SINGAPORE - The shake-up of the Family Court system may have been one of the most significant developments in the legal scene last year, but a much less heralded move could well have a similar impact.
In November, the Supreme Court inserted a new Order 108 into the Rules of Court, which in essence prescribes how lawyers do their work in civil cases.
Order 108's main aim is to simplify the State Court process when dealing with civil claims involving $60,000 and less - and as a result, shorten the time it takes to resolve a case and, crucially, cut costs significantly.
Lawyer Mohandas Naidu said: "A $60,000 civil claim involving a three-day trial that could cost up to $25,000 can now be billed for less than $10,000 if settled promptly under the new rules."
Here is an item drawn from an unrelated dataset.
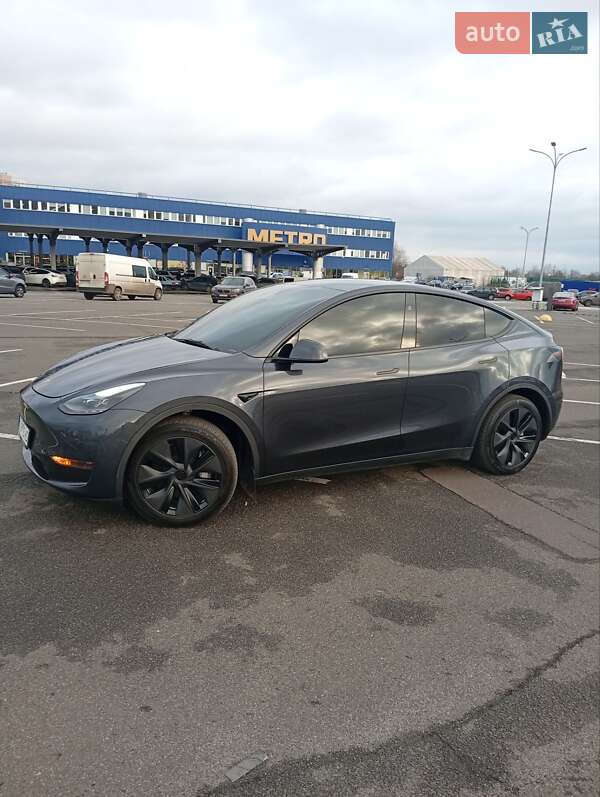 Внедорожник / Кроссовер Tesla Model Y 2025 в Киеве фото 29 Внедорожник / Кроссовер Tesla Model Y 2025 в Киеве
One of the key changes that Order 108 introduces is how parties will have to produce all relevant documents up front. This allows each side to better understand the relative merits of their cases.
Judges will also be able to narrow down the issues involved, and see whether the case is better resolved through mediation.
There are also restrictions on the number of expert witnesses, while summary judgments - which can end up being a longdrawn process - have been ruled out.
Lawyers whom The Straits Times talked to said Order 108 was sensible since a small-scale suit in the magistrate's court should not take as long and cost as much as a High Court commercial dispute.
Mr Naidu called it a "win-win" situation for both litigant and lawyer.
In October, Chief Justice Sundaresh Menon said in the Patron's Address of the Australian Academy of Law in Sydney that courts have to ensure the cost of litigation "is truly proportionate to the purposes we wish to achieve".
"Expending excessive resources on procedures... on claims involving no issue of public interest and with only a small sum at stake, is not merely inefficient but also unfair."
He noted in a 2013 speech that "almost nine in 10 cases heard by the Civil Justice Division involve sums of $60,000 or less".
The setting up of the Family Justice Courts in October shares a similar aim. Judges were given more power to settle cases amicably without acrimony or protracted court proceedings. The changes also simplify and streamline court processes, enabling faster resolution of cases.
Meanwhile, the Law Society has begun studying contingency fees at a time when costs are a concern. Such fees are paid to lawyers only when there is a favourable result, and typically are a percentage of the damages.
Such an arrangement will help those who want to pursue a civil claim but cannot afford a lawyer from the outset.
But the issue may turn out to be polemical among lawyers.
"Any discussion of this subject invariably invites a spectrum of polarised reactions, often visceral, sometimes violent, but always vigorous," said the Law Society's president-elect Thio Shen Yi last year. "Are flexible fee arrangements a Pandora's box or the Holy Grail? The truth probably lies somewhere in between."
Other changes last year include rebranding the Subordinate Courts as the State Courts in March, underlining their central role in the judicial system with an annual caseload of 350,000, or 95 per cent, of all court cases here.
In another interesting development, Camford Law Corporation in August became part of multinational PwC's global network of member firms as a separate independent entity within.
The move is to provide legal advice to organisations "in response to the ever-changing global business environment", said Camford Law director Bijay Nawal then.
It is understood to be the first instance of a law firm becoming part of a multinational enterprise dealing in professional services.
PwC executive chairman Yeoh Oon Jin said business and legal issues are more intertwined than ever before, and the move enables clients to appreciate the benefits of working with a global brand.
The situation will be keenly watched to see how it develops as an option to create opportunities to handle bigger projects.
Last year also saw legislation passed for the establishment of the Singapore International Commercial Court, which will hear international commercial disputes.
The new court, which is expected to be launched this month, is poised to be a major player in Singapore's move to become Asia's legal hub of choice, marking a new era in commercial litigation here.